Tools that meet multiple community goals and objectives are often more supported by the community.

Like many other tools in this report, well-crafted site development standards can accomplish more than just mitigating hazards. For example, low-impact development helps communities reduce the risk of downstream flooding triggered by stormwater runoff, but also improves water quality. Also, subdivision regulations can help prevent densification in known hazard areas but also ensure orderly growth and development and support transportation investments. Tools that meet multiple goals and objectives are often more supported by the community.

This section explores tools that communities can use to improve site development standards to reduce risk or mitigate hazards. Tools profiled in this section include:

Enhanced Stormwater Management Techniques at the Watershed Scale

Traditional stormwater management practices are implemented at the local level. This is for good reason, as controlling the quantity and quality of runoff from land development is most effectively managed by applying site-specific techniques close to the source. Low-Impact Development (LID) and stormwater management Best Management Practices (BMPs) embrace this concept and are appropriately designed for the individual parcel or lot level. However, regardless of approach, these management methods may still convey large volumes of stormwater to community drainage systems that are interconnected and only have so much capacity. Major rainfall events in particular will exceed this capacity and create flood hazards both at the site and downstream with stormwater overflows, backflows, and increased velocities with potentially destructive impacts to the built and natural environment.

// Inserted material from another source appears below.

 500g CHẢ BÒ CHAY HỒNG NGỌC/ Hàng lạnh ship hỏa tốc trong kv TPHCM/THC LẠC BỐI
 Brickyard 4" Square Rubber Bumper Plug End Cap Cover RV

Watersheds are larger areas of land where all water flows across or through and drains into a common stream, river, lake, or ocean. They include all the natural and structural channels designed to convey stormwater, the floodplains which store and transport floodwaters, and all other lands up to the highest elevation. No matter how they are delineated, all watersheds meet this definition and thus are critical for understanding and taking a holistic approach to stormwater and floodplain management. All communities are affected by development that takes place upstream in their watershed, and similarly will have an impact on downstream communities through their own development activity. Consequently, communities should plan on a watershed-wide scale.

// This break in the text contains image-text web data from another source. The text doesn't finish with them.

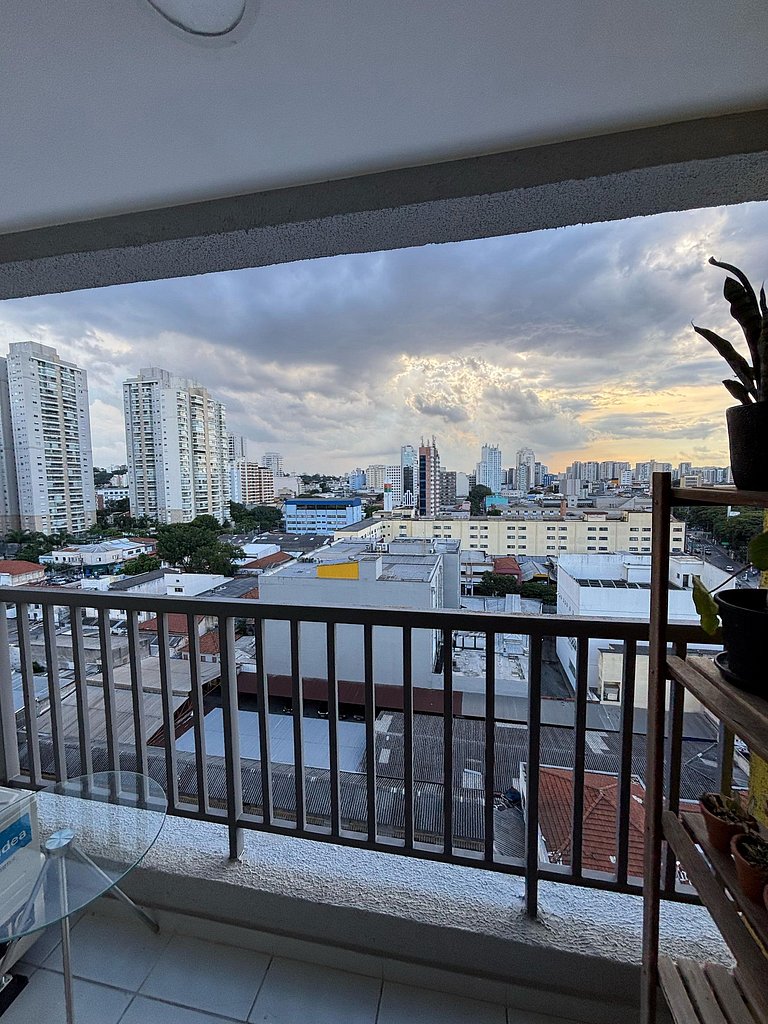 Studio com Conforto, Estilo e Vista Incrível
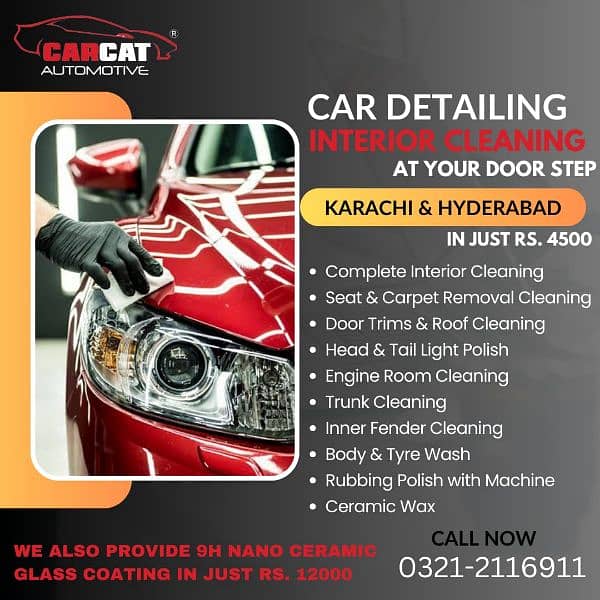 Car Detailing & Interior Cleaning 0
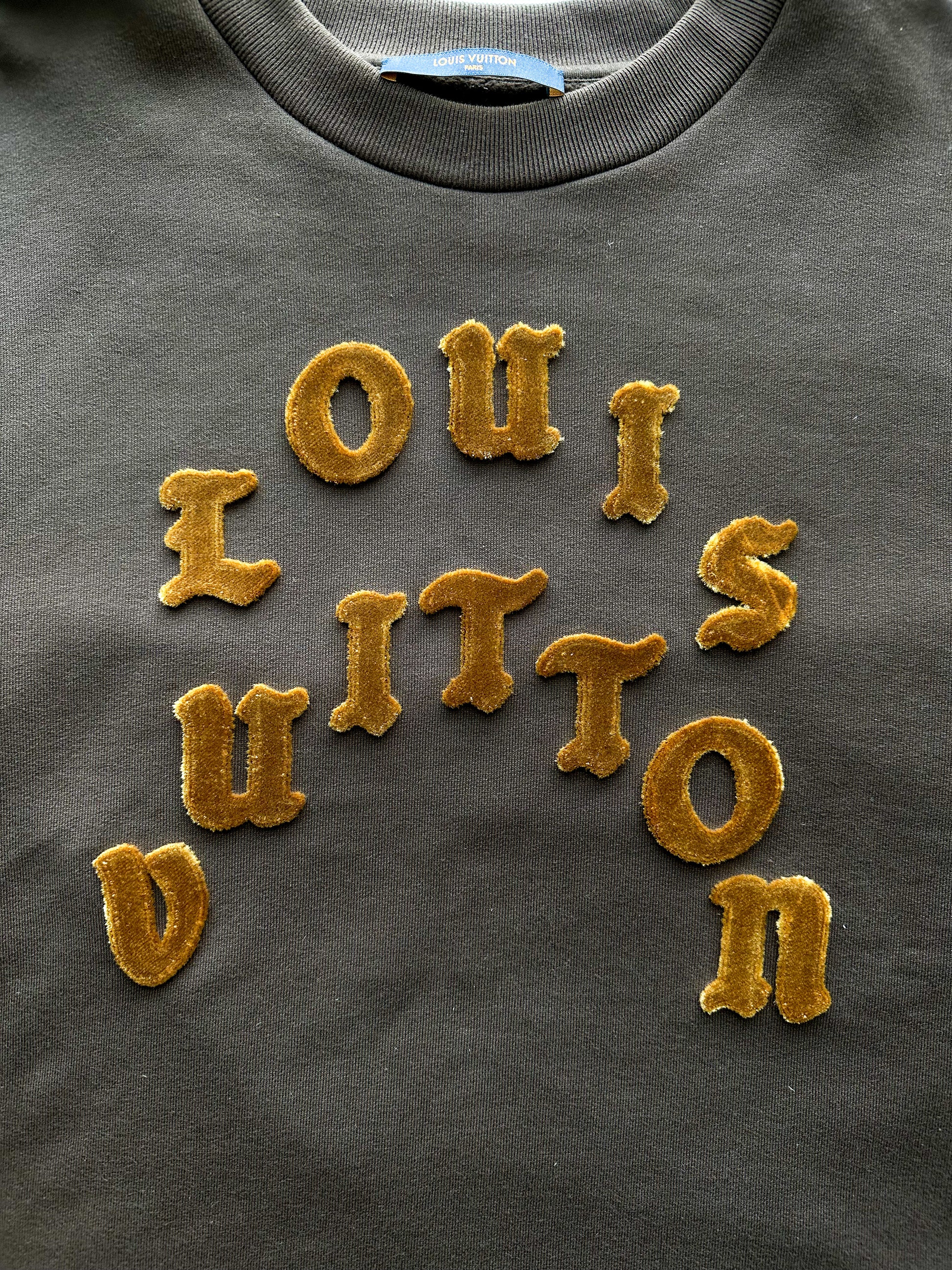 Louis Vuitton Brown Tuffetage-Logo Sweatshirt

  • One of the first steps to implementing such an approach is the completion of a watershed master plan that assesses the potential impact of development on existing and future conditions – including impervious surfaces, drainage and stormwater flows, natural systems, and structures throughout the watershed. Plans should also assess the potential impacts to the community from larger rainfall events that exceed the performance standards (design storm) used for existing stormwater facilities. 
  • Once these impacts are known, a more comprehensive program can be created to prevent or minimize adverse impacts including new or revised regulations for development, enhanced macro-scale techniques for stormwater or floodplain management, or capital projects for flood control and mitigation. Such a program will help the community identify opportunities to address problems before and as they arise.

In taking the watershed view, communities are better positioned to consider additional tools or strategies for risk reduction and avoid making development decisions that lead to increased flood hazard vulnerability. Watershed-based planning can also help facilitate regional or multi-jurisdictional coordination on stormwater and flood-related issues that traverse political boundaries. These enhanced efforts can lead to more integrated, coordinated, and systematic solutions across the watershed versus dealing with stormwater solely by locality. For example, by working with neighboring jurisdiction, communities may be able to consider the development and use of regional retention or detention measures. Pursuing these and other types of larger-scale projects may be used to leverage more non-traditional sources of funding for plan implementation. For these reasons, watershed-scale planning is often best executed at the regional scale, with coordination and creation of a regional planning entity with appropriate authority.